Conceptions of Drowning

With summers heating up, more and more of us are cooling down in beautiful open water spots across the country.

While most dips are safe, the water can be dangerous. The Royal Life Saving Society and Surf Life Saving Australia data revealed 294 people died at waterways and beaches around the country in 2020/2021, compared to 245 in the previous 12 months.

Men continued to be significantly over-represented, making up about 80 per cent of drownings, and people aged 25 to 34 accounted for the largest number of deaths.

Conceptions on drowning

Drowning is not what you typically might see in the movies and people have certain expectations about what a drowning person is going to do, such as they’ll be able to call out for help and wave their arms.

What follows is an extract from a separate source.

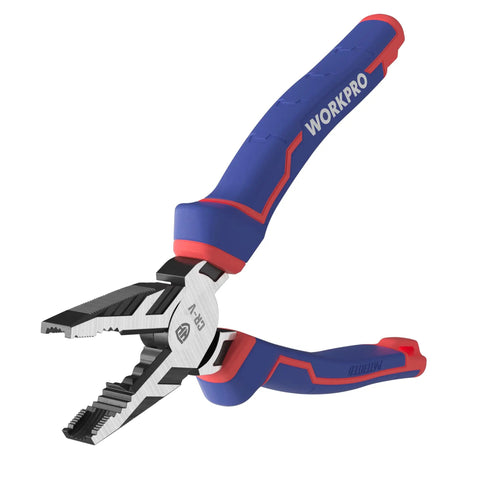 All In One Linesman Pro Screw Extractor Pliers With Non Slip Jaws For Damaged Or Rusted Fasteners Quick Removal 8 Inch Combination Pliers For Home Workshop Auto And DIY Projects WORKPRO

In reality, drowning can be difficult to identify, is typically silent and happens much more quickly. When drowning begins, a person can no longer speak. Their mouth is sinking below the water, reappearing just long enough to gasp in a breath before going down again. They are vertical in the water, bobbing up and down and they won’t thrash or wave. Instead, they will have their hands extended partially or fully to their sides.

Children can look like they’re paddling or playing a game, and often are surrounded by people who are looking at them but don’t realise that the drowning is taking place.

This process is shockingly quick – about 20 seconds for young children and 60 seconds for adolescents. This means you only have a few moments to realise it’s happening.